Provenendo da una cultura nella cui lingua esisteva una sola parola per i concetti di "tuo" e "mio", descrisse la divorante avidità dei "Bianchi" per "il tondo metallo e la carta pesante" (il denaro), che li portavano ad ignorare le sofferenze dei loro fratelli ed a ridurli in schiavitù.

Raccontò di come i "Papalagi" pretendessero di possedere ogni cosa, anche quelle appartenenti al "Grande Spirito" (la terra, gli alberi, le foreste), e di come essi "rubassero" queste cose a Dio per distruggerle e trarne oggetti brutti ed inutili, oggetti del cui possesso diventavano poi totalmente dipendenti.

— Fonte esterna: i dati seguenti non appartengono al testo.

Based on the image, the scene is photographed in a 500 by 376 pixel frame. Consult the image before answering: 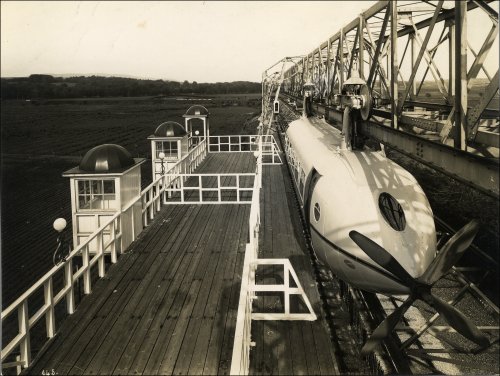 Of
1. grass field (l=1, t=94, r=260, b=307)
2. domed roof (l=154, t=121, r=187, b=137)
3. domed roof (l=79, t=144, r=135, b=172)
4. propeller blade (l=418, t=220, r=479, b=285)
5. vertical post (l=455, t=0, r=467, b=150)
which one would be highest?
vertical post (l=455, t=0, r=467, b=150)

Narrò, con una lucidità che davvero lascia di sale, la passione dei Papalagi per "il luogo della falsa vita" (il cinema) e le "molte carte" (i giornali), ed ecco come concluse:
"Il luogo della falsa vita e le molte carte hanno reso il Papalagi ciò ch’egli è ora: un uomo debole e smarrito, che ama ciò che non è vero, che non riconosce più ciò che è vero, e prende il riflesso della luna per la vera luna e una stuoia scritta per la vita stessa."

Ed è inutile dire che questi siamo noi, a distanza di molti decenni, sempre più alienati e folli, sempre più distanti dalla vita vera e dalla realtà, succubi di sogni e desideri che altri costruiscono per noi, ed ai quali vendiamo l’anima.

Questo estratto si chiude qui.